Materials provided: Begin

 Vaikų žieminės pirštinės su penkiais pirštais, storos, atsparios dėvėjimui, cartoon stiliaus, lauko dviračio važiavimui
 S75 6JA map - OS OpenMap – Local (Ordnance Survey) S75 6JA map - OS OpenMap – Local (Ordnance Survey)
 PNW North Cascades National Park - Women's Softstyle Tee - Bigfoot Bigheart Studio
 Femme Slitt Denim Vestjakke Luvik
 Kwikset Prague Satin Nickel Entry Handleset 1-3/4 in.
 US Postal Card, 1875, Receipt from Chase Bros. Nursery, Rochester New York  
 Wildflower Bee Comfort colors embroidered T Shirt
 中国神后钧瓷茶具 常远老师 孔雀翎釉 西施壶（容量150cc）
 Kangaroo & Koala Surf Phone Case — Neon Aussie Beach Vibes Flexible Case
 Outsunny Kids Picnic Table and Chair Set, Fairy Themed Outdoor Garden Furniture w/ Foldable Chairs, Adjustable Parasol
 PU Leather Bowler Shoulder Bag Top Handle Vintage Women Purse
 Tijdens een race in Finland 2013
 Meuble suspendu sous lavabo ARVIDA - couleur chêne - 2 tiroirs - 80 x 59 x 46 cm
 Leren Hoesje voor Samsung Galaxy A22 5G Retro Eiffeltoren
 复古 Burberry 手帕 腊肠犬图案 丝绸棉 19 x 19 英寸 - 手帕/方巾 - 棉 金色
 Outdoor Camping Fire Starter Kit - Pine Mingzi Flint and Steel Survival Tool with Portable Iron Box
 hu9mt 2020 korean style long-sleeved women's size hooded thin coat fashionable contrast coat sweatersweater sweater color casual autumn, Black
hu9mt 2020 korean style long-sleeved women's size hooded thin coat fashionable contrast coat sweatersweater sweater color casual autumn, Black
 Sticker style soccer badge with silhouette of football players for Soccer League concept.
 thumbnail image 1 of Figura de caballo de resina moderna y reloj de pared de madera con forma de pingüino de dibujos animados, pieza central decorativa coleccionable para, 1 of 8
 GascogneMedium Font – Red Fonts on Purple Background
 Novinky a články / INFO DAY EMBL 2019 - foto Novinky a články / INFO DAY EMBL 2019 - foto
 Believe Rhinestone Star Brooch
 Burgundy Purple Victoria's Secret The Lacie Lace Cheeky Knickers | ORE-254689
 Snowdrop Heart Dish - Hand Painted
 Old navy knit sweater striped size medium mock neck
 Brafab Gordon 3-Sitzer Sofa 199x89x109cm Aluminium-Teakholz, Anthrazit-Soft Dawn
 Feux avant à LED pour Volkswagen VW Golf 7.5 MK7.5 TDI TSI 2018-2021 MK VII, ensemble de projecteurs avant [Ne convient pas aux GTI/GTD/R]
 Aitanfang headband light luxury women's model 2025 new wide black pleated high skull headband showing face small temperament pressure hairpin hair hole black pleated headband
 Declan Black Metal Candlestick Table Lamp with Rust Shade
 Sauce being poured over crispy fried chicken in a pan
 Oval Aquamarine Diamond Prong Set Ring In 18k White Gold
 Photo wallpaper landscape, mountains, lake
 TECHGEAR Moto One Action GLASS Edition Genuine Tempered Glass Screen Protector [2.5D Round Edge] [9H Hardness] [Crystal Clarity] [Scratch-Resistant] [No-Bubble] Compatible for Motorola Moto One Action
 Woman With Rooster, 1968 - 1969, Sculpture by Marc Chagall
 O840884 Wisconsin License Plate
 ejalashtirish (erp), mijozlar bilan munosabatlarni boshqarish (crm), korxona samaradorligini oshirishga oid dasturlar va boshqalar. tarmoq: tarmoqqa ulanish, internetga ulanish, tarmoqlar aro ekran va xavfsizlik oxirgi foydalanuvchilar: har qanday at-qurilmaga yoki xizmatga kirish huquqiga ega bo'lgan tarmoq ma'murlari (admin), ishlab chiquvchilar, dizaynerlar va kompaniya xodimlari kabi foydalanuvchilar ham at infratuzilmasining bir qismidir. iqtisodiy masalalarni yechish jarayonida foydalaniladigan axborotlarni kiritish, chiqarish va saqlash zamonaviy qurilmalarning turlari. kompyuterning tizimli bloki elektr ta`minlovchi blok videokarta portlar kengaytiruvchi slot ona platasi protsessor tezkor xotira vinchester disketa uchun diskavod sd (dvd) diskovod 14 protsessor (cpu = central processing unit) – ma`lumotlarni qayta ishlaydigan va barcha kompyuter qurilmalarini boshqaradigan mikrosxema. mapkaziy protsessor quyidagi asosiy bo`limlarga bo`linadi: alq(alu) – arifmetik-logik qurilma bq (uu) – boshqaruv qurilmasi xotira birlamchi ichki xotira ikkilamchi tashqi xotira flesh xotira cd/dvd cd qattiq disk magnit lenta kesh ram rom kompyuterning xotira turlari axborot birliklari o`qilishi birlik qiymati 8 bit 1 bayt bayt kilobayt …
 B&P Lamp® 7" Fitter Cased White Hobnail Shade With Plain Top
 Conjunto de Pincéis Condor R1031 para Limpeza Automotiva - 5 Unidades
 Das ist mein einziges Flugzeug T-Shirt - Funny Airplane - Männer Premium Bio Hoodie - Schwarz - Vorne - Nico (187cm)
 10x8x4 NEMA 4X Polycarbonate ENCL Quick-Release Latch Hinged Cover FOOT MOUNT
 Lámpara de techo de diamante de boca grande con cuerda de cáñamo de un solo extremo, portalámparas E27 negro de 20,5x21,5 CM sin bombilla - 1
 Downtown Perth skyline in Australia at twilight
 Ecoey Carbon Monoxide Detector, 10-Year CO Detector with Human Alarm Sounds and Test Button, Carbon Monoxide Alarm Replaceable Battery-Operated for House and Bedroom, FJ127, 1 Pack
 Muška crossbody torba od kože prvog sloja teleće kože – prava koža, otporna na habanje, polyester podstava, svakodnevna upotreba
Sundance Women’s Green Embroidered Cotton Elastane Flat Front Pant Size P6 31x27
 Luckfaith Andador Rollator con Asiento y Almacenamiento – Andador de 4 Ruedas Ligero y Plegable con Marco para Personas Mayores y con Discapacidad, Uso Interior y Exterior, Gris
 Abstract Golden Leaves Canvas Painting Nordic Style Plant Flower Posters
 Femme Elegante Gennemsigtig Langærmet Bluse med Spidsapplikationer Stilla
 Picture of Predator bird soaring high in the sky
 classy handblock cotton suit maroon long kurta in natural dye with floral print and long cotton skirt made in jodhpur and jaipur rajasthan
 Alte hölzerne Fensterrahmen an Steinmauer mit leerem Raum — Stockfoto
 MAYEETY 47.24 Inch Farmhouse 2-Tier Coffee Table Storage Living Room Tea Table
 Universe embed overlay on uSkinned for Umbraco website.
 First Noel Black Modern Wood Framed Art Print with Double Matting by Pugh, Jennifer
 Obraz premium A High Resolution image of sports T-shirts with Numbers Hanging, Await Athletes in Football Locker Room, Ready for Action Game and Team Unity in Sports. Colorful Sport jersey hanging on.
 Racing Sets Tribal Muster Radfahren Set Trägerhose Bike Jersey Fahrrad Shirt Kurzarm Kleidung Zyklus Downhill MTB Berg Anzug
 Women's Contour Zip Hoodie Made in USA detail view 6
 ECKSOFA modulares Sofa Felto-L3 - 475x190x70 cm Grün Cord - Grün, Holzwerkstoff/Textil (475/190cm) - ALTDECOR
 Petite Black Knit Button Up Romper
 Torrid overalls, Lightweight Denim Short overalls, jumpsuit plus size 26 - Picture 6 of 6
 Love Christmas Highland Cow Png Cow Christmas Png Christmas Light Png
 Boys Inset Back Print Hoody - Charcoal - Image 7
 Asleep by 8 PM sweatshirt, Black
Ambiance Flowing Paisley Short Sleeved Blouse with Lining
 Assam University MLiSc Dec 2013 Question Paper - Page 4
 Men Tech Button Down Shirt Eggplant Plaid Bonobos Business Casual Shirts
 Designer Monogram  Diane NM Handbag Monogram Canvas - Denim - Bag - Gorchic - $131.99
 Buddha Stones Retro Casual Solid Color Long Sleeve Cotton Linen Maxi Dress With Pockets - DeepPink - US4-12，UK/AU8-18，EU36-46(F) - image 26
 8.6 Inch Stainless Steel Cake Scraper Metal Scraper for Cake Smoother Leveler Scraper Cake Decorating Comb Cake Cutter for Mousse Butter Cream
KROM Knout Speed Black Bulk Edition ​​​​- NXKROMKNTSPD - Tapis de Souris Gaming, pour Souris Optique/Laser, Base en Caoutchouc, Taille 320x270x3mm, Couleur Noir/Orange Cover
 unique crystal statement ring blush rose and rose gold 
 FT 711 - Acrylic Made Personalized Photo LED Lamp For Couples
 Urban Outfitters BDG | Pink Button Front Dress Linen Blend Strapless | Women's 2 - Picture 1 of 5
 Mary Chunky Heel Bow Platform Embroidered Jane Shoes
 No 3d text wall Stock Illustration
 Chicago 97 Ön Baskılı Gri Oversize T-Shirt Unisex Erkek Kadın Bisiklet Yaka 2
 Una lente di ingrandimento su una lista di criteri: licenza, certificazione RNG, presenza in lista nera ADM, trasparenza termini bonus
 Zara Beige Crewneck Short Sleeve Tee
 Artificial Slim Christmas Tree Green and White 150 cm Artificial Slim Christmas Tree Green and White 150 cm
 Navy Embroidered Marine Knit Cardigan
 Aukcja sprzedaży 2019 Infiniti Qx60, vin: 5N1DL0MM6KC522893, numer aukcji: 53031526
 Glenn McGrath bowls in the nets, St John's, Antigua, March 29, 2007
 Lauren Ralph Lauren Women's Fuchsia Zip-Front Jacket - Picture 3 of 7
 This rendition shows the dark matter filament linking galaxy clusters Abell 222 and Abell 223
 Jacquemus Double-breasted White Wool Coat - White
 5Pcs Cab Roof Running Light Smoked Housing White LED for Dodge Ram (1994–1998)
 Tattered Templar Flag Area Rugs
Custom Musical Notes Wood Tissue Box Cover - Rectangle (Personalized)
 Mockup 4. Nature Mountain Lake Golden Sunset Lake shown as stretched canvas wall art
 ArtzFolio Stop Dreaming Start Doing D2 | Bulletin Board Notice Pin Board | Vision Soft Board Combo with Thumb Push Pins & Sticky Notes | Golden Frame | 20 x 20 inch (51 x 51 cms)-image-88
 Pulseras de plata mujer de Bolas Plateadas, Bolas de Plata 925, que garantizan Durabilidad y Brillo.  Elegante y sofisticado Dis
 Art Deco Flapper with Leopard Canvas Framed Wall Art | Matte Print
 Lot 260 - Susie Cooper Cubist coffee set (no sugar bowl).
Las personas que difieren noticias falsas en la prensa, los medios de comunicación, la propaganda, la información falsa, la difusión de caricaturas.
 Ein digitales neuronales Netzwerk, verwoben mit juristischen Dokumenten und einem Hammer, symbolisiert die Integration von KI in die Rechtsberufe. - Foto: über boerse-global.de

Materials provided: End

- Task instructions:
Print, unaltered, every line from the beginning of the material down to the line with "Sticker style soccer".

- Solution:
 Vaikų žieminės pirštinės su penkiais pirštais, storos, atsparios dėvėjimui, cartoon stiliaus, lauko dviračio važiavimui
 S75 6JA map - OS OpenMap – Local (Ordnance Survey) S75 6JA map - OS OpenMap – Local (Ordnance Survey)
 PNW North Cascades National Park - Women's Softstyle Tee - Bigfoot Bigheart Studio
 Femme Slitt Denim Vestjakke Luvik
 Kwikset Prague Satin Nickel Entry Handleset 1-3/4 in.
 US Postal Card, 1875, Receipt from Chase Bros. Nursery, Rochester New York  
 Wildflower Bee Comfort colors embroidered T Shirt
 中国神后钧瓷茶具 常远老师 孔雀翎釉 西施壶（容量150cc）
 Kangaroo & Koala Surf Phone Case — Neon Aussie Beach Vibes Flexible Case
 Outsunny Kids Picnic Table and Chair Set, Fairy Themed Outdoor Garden Furniture w/ Foldable Chairs, Adjustable Parasol
 PU Leather Bowler Shoulder Bag Top Handle Vintage Women Purse
 Tijdens een race in Finland 2013
 Meuble suspendu sous lavabo ARVIDA - couleur chêne - 2 tiroirs - 80 x 59 x 46 cm
 Leren Hoesje voor Samsung Galaxy A22 5G Retro Eiffeltoren
 复古 Burberry 手帕 腊肠犬图案 丝绸棉 19 x 19 英寸 - 手帕/方巾 - 棉 金色
 Outdoor Camping Fire Starter Kit - Pine Mingzi Flint and Steel Survival Tool with Portable Iron Box
 hu9mt 2020 korean style long-sleeved women's size hooded thin coat fashionable contrast coat sweatersweater sweater color casual autumn, Black
hu9mt 2020 korean style long-sleeved women's size hooded thin coat fashionable contrast coat sweatersweater sweater color casual autumn, Black
 Sticker style soccer badge with silhouette of football players for Soccer League concept.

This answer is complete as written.